+++ MATERIAL FOR THIS EXERCISE

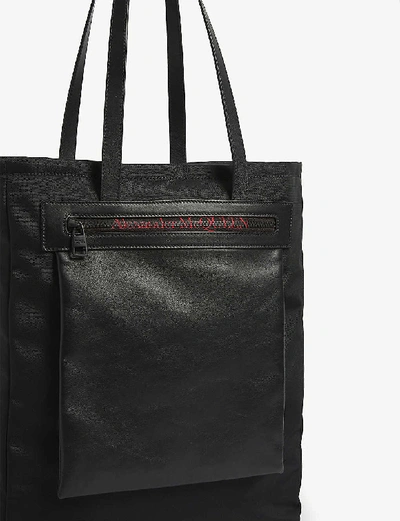 Shop Alexander Mcqueen City Tote Bag In Black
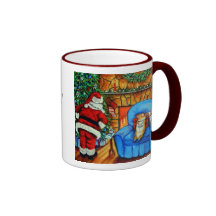 Pembroke Welsh Corgi Mug Santa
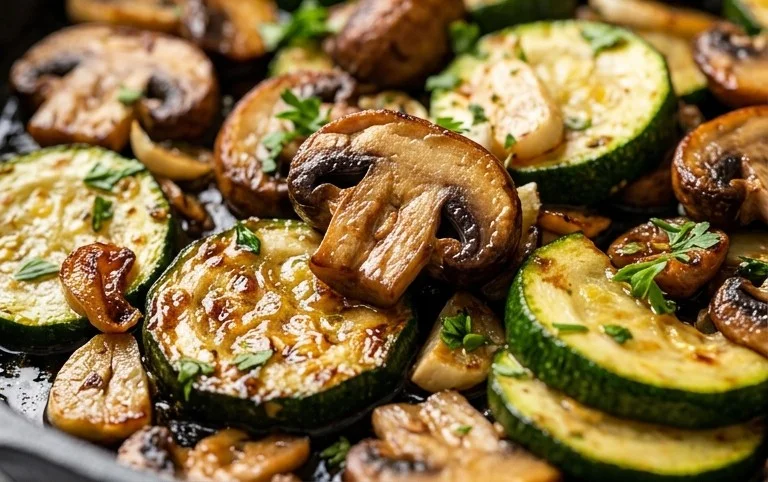 Skillet Zucchini and Mushrooms
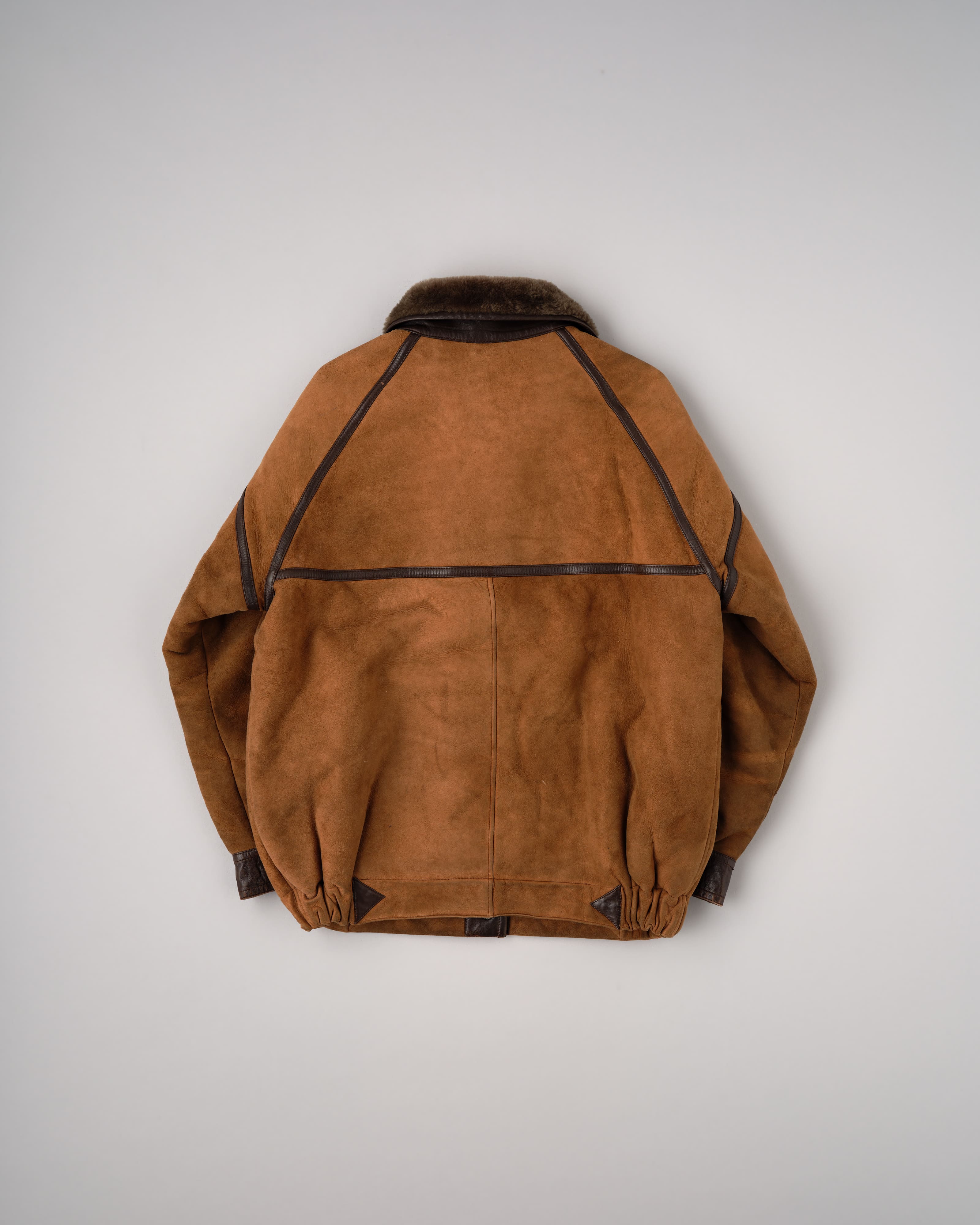 【~90's】Old Yves Saint Laurent Shearling Jacket "Fourrures"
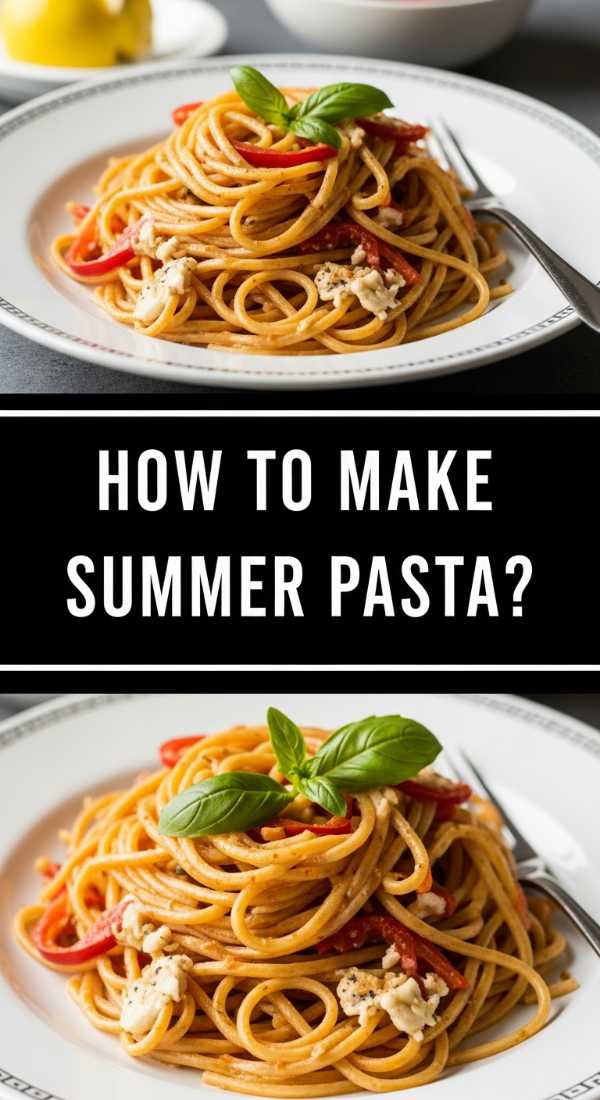 How To Make Summer Pasta 69e5f5d32bd4a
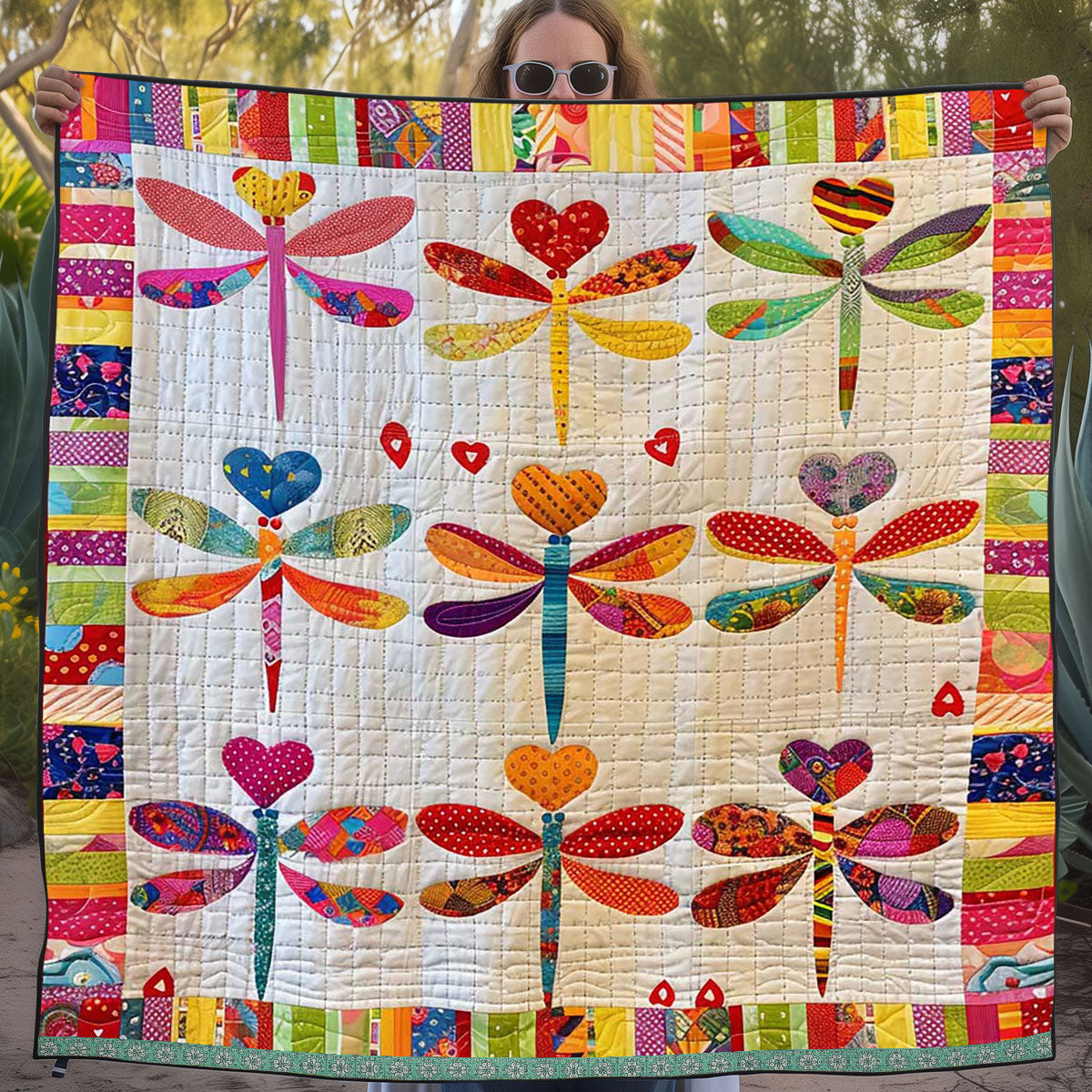 Patchwork Dragonflies WJ1609019CL Quilt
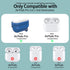 Compatible with for Airpods Pro 2nd/1st Generation Waterproof Case, Anti-Lost Portable Silicone Cover Protective Skin, Blue......
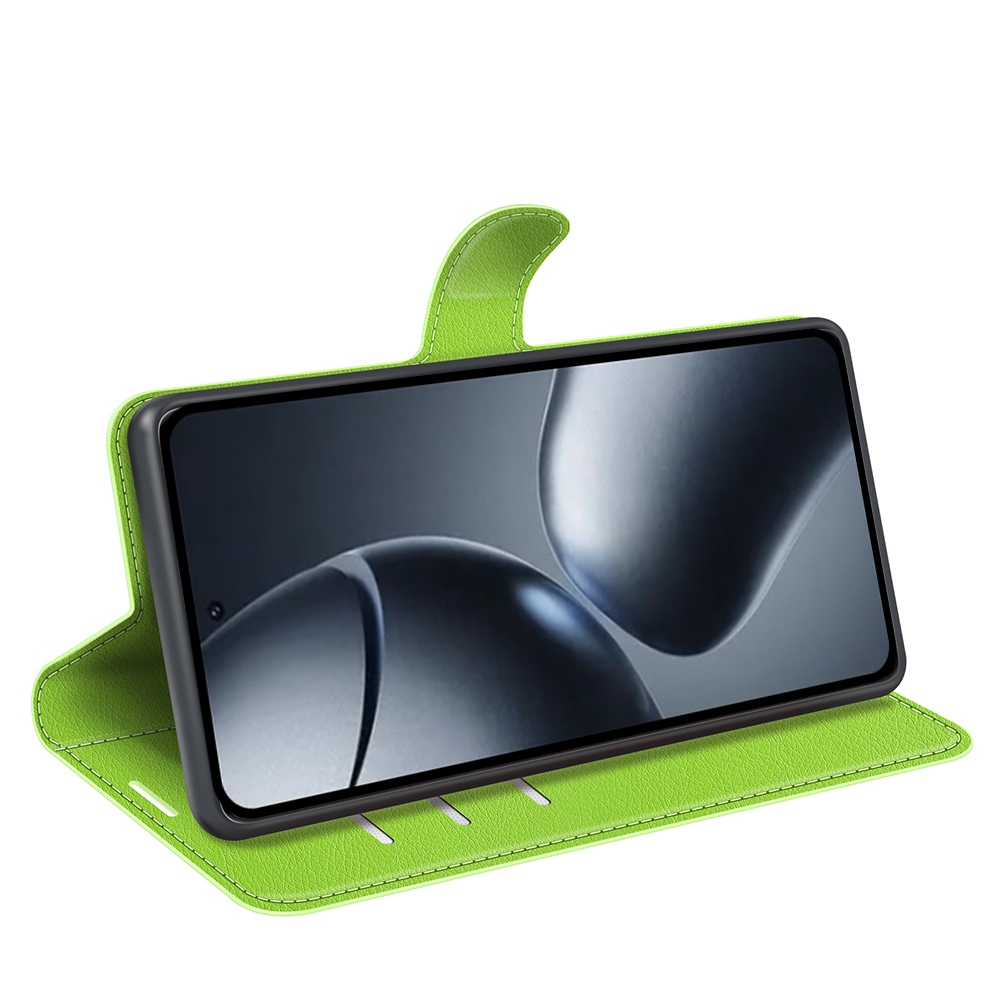 Litchi könyv tok a Xiaomi 15T-hez - zöld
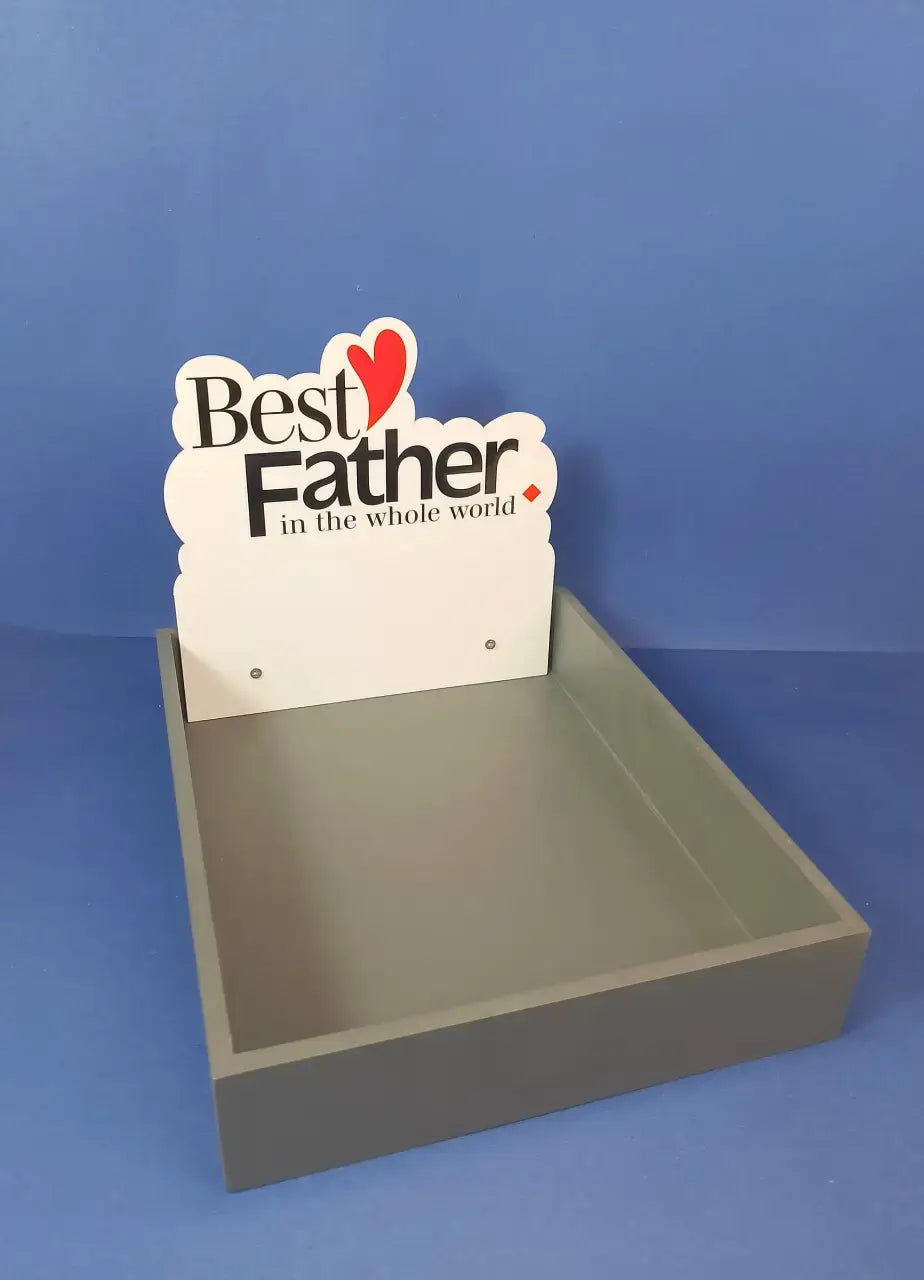 Best Father In The Whole World Tray (Large) - DDB52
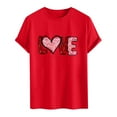thumbnail image 5 of DxhmoneyHX Valentines Day Tops for Men Love Letter Printed Graphic T Shirt Crew Neck Short Sleeve Shirts Valentine Dating Tees, 5 of 6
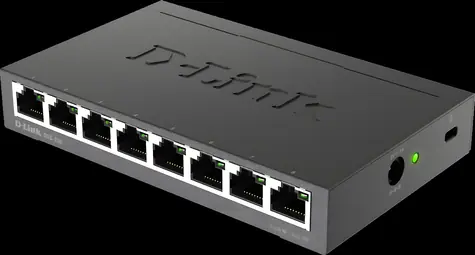 D-Link DGS-108 / Switch / 8- Port / 10/100/1000 Mbps / neriadený / kovové prevedenie
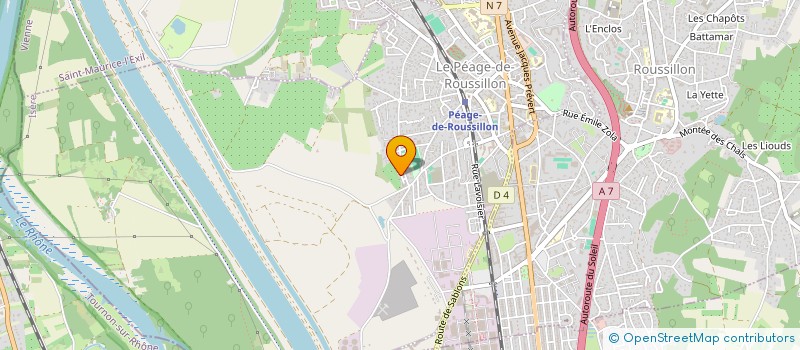 localisation de l'entreprise MONSIEUR NEIL GHERBI  LE PEAGE-DE-ROUSSILLON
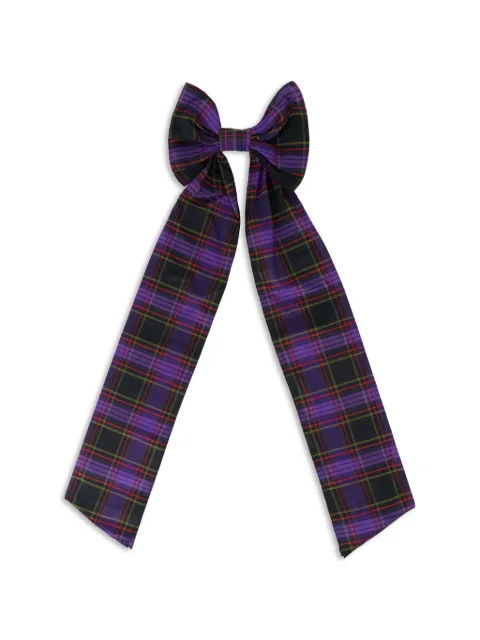 RED(V) tartan bow hair accessory Purple QJ0B97CTL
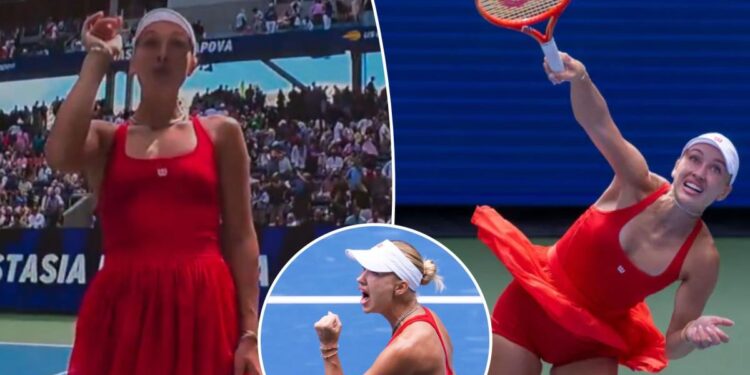 Anastasia Potapova responds to’bye bye’ accusation at US Open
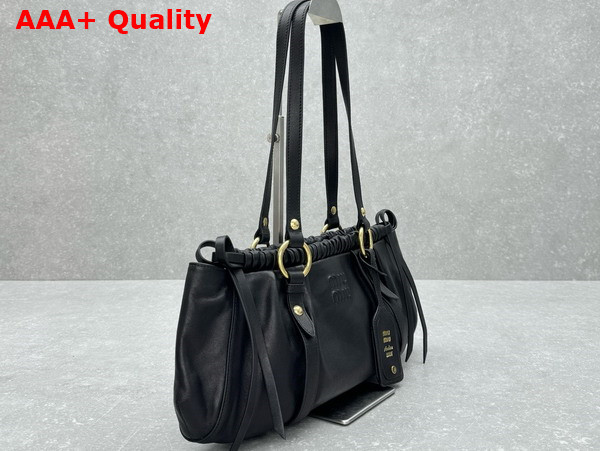 Miu Miu Nappa Leather Bag in Black 5BG289 Replica
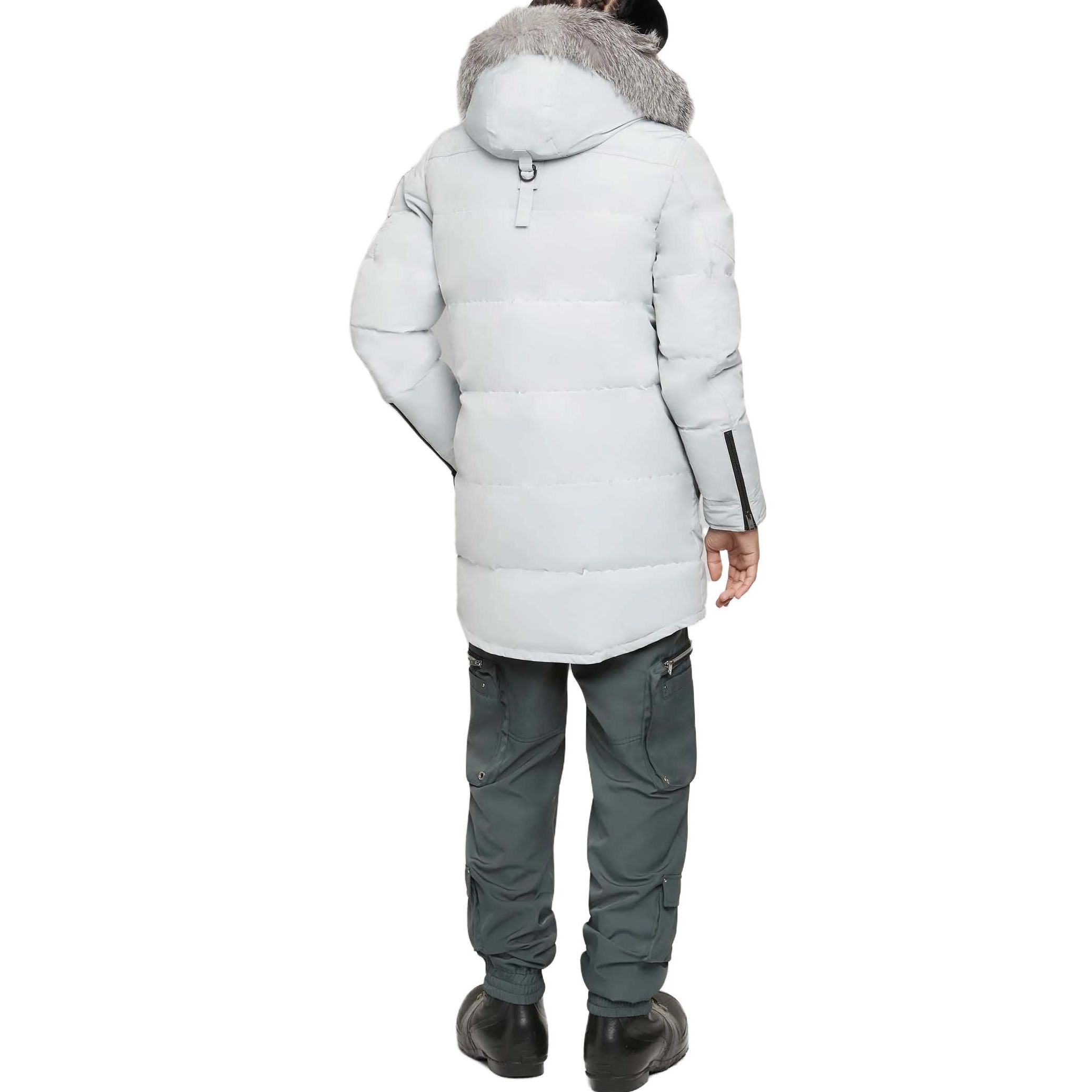 Shop 무스너클스 오닉스 빅 리지 파카 시어링 후드 재킷 남성용. M33MP210S-1181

++++++

▸ **EXERCISE BRIEF**: Return the records word for word, leaving every picture out of the copy.

▸ **OUTPUT FOR THIS EXERCISE**:
 Shop Alexander Mcqueen City Tote Bag In Black
 Pembroke Welsh Corgi Mug Santa
 Skillet Zucchini and Mushrooms
 【~90's】Old Yves Saint Laurent Shearling Jacket "Fourrures"
 How To Make Summer Pasta 69e5f5d32bd4a
 Patchwork Dragonflies WJ1609019CL Quilt
 Compatible with for Airpods Pro 2nd/1st Generation Waterproof Case, Anti-Lost Portable Silicone Cover Protective Skin, Blue......
 Litchi könyv tok a Xiaomi 15T-hez - zöld
 Best Father In The Whole World Tray (Large) - DDB52
thumbnail image 5 of DxhmoneyHX Valentines Day Tops for Men Love Letter Printed Graphic T Shirt Crew Neck Short Sleeve Shirts Valentine Dating Tees, 5 of 6
 D-Link DGS-108 / Switch / 8- Port / 10/100/1000 Mbps / neriadený / kovové prevedenie
 localisation de l'entreprise MONSIEUR NEIL GHERBI  LE PEAGE-DE-ROUSSILLON
 RED(V) tartan bow hair accessory Purple QJ0B97CTL
 Anastasia Potapova responds to’bye bye’ accusation at US Open
 Miu Miu Nappa Leather Bag in Black 5BG289 Replica
 Shop 무스너클스 오닉스 빅 리지 파카 시어링 후드 재킷 남성용. M33MP210S-1181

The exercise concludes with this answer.